I completely agree with the importance of monitors being calibrated in terms of accepting color adjustments, especially when viewed on different machines, locations, etc. 

 

What I'm getting at is the trouble understanding at which point different profiles and adjustments are being applied/used. I'll try and wade through the 2 resources you mentioned, but I've found resources in the past and they were Very heavy on explaining the importance of calibration and I didn't find anything on how to accomplish it in practice. 

In my case, I'm not making color adjustments. I'd like to know the workflow for inputting sRGB values, going through AfterEffects (or starting directly in premiere) and outputting a video that does not change the sRGB. For things like lower thirds, logo animations, giant branding rectangles for whatever reason, the colors need to be Relatively correct. Currently, I'm having troubles just inputting a color like a17d24 (sRGB) and outputting a video what that block of color samples at a17d24. 

 

I recently had to work with the Aces workflow because I needed to use multi-layer exr files that were saved with a specific color profile, so that helped a bit that we have to worry about the input profile, what profile to use for a working profile (usually a linear profile for properly calculating light), a view profile, and an output profile. Of course, I'm probably still getting the rec.709 / sRGB problem here because I still don't understand that.
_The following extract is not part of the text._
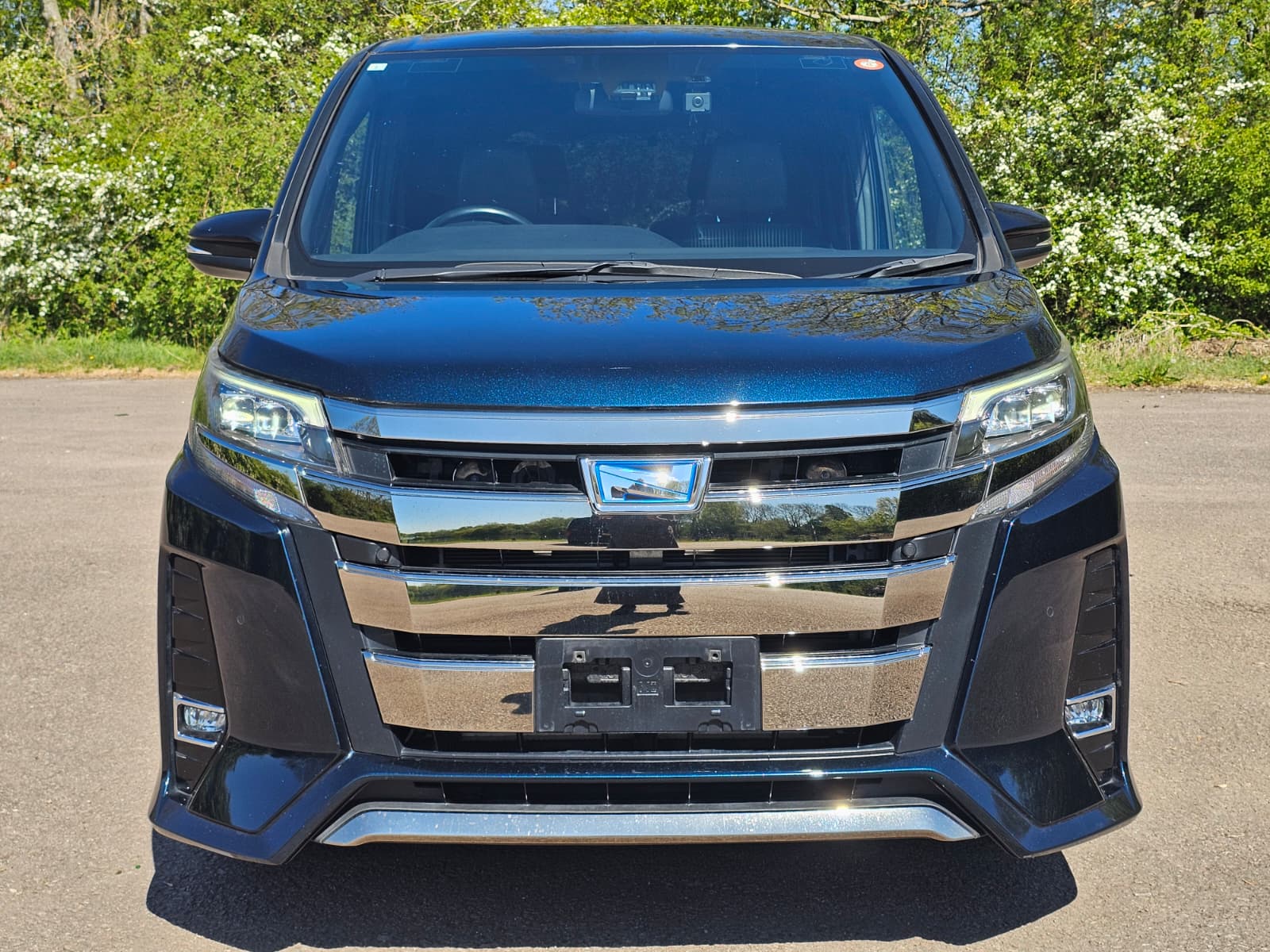 TOYOTA NOAH 1.8h Auto Euro 6 7 Seater Hybrid MPV Cruise Control Ulez Compliant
Thanks for mentioning the lumetri color panel, settings tab. I forgot that existed, and that wonderfully shows all of the related settings in one place rather than having to look at your premiere color settings, project settings, sequence, clip, etc.

 

In searching for this problem, I see lots of other people mentioning it, and the "solution" being people suggesting to just adjust the gamma when you go to render. Even in premiere, I can't seem to figure out the settings to set a color, then go to the export tab and sample that color that is export there. Is it Always adjusting the output file based on my monitor profile? Is that the answer? I have to switch my monitor profile to sRGB before exporting, because That would be terrible.

 

I've seen similar problems with graphic designers working in illustrator and photoshop, not understanding how profiles work with RGB and their monitors, just thinking "convert the CMYK color to RGB...and Done." Of course, it's way more complicated than that. But it's difficult to find the correct setups for windows or mac color profiles to use, and how to have the software setup as well. I remember at a previous job, we hired a professional to come down and calibrate the design team's monitors. They set everything up, and we realized most people were set up incorrectly because their operating system had the profile applied And Adobe software, so basically the change it adjusted for then made the same change in the wrong direction. It was getting applied twice, so it stacked. Even professionals get it wrong. That's why it's so important to see the entire intended workflow, and understand what it's doing. 

 

If anyone finds this and has a good resource that walks through (for both windows and mac) color settings and how to handle proper rec.709 workflows as well as how to handle sRGB inputs and consistent outputs for web, I'm all ears. That's what I'm after. This was the closest discussion I could find that seemed correct. Most questions went unanswered, or just said to adjust it the best you can.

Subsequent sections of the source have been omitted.